First of all I need your address again. Please email it to me.

Ah so Daniel uploaded his pics from the New Year's Party. Guess who was there. Joyce. And this is the second party in as many months I've known he's gone to. Ok, so he's hanging out. That's good, right? Well, not when the first picture you see he has a bag that may or may not have beer in it (hey, it could be a case of Red Bull. He likes energy drinks, right?). And that six or so subsequent pictures are of him holding the beer bong for everyone.

Hm.

I know. I'm not anyone's mother. Maybe my "maternal instinct" is partly wanting to be in control and to control. But still. I just feel like that is the total opposite of everything he told me he was. Like...he's enabling them. And he was very against enabling.

And his aim status' are all these emo lonely things from Bright Eyes the last week or so.

It just hurts. Not in like a hurts me kinda way, but more of a...please don't let him have fallen off or lost himself because he's very important way.

Thought about Luxyvag for a bit after that too. I think really why I'm still hung up on the whole thing is because I feel like I'm missing out on something. I had fun with them, I was interested in them, they talked to me, we bonded (me david & kevin). And with the people I hang out with now, it's more like, ok we are going to sit around and watch tv or play board games, but not interact or talk about real things.
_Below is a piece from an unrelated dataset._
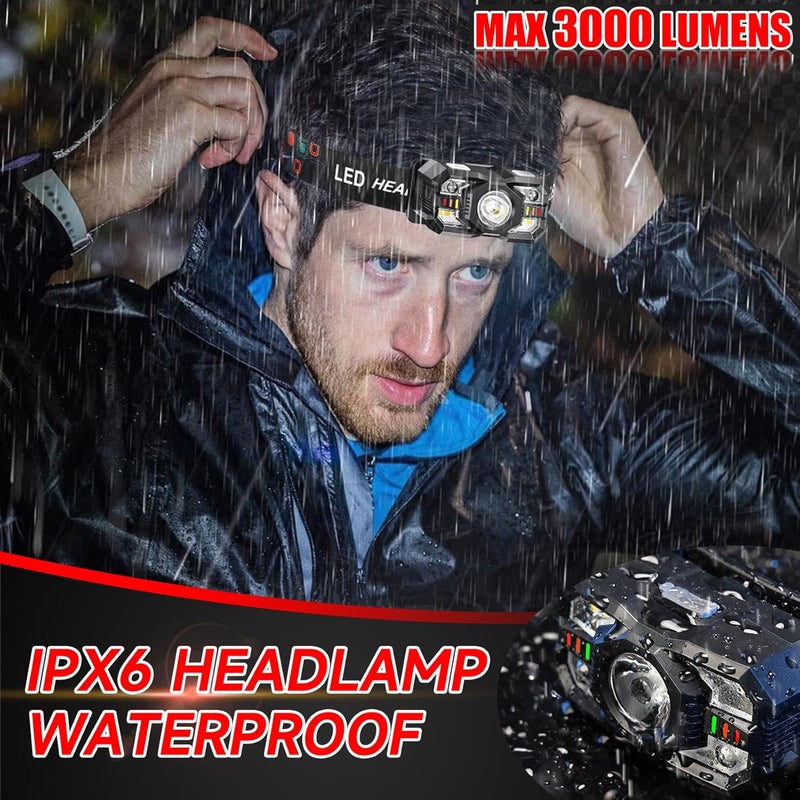 Northlet Headlamp Rechargeable 2Pack, 3000 Lumen Ultra-Light Bright Headlamp Flashlight with White Red Light, LED Headlight Motion Sensor, 5+5 Mode for Outdoor Camping Fishing Running Hiking - Image 5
And of course, David and Kevin are of a higher caliber mentally, but still. The people I hang out with now, they know I'm smarter than them; there is a joke that I have to leave my brain outside when I go over. I'd rather feel dumb than smarter than everyone, if I had to choose. At least with K & D I knew I was in like minded company. So I wonder subconciously what they are doing, what they are talking about, if they are having fun...because I'm not. And I feel so boring now. Honestly. I have WoW. That's nice. But other than that...I don't have much stimulation. Actually, I have close to no stimulation from outside sources. Books, wow...that's all me stimulating my own mind. I don't have anyone really challenging me.

At least I'm starting to figure things out, and not just plod along unhappily. It sure is taking a long time though.

I just. I think about how when I like someone or I'm close to someone, I don't know how I'll ever let go. And I don't let go, really, until someone else comes along. Maybe that's a self-defeating habit. But looking back, as of right now these are the major figures for me: Glen, Joyce, and David. Glen because he was my first. Joyce I think is the first person I loved who I had that connection with. David...I'm not sure why. I'm hoping he's one of the ones that falls away as time goes on.

What else is there. I may have to post more later, I can't think of anything atm.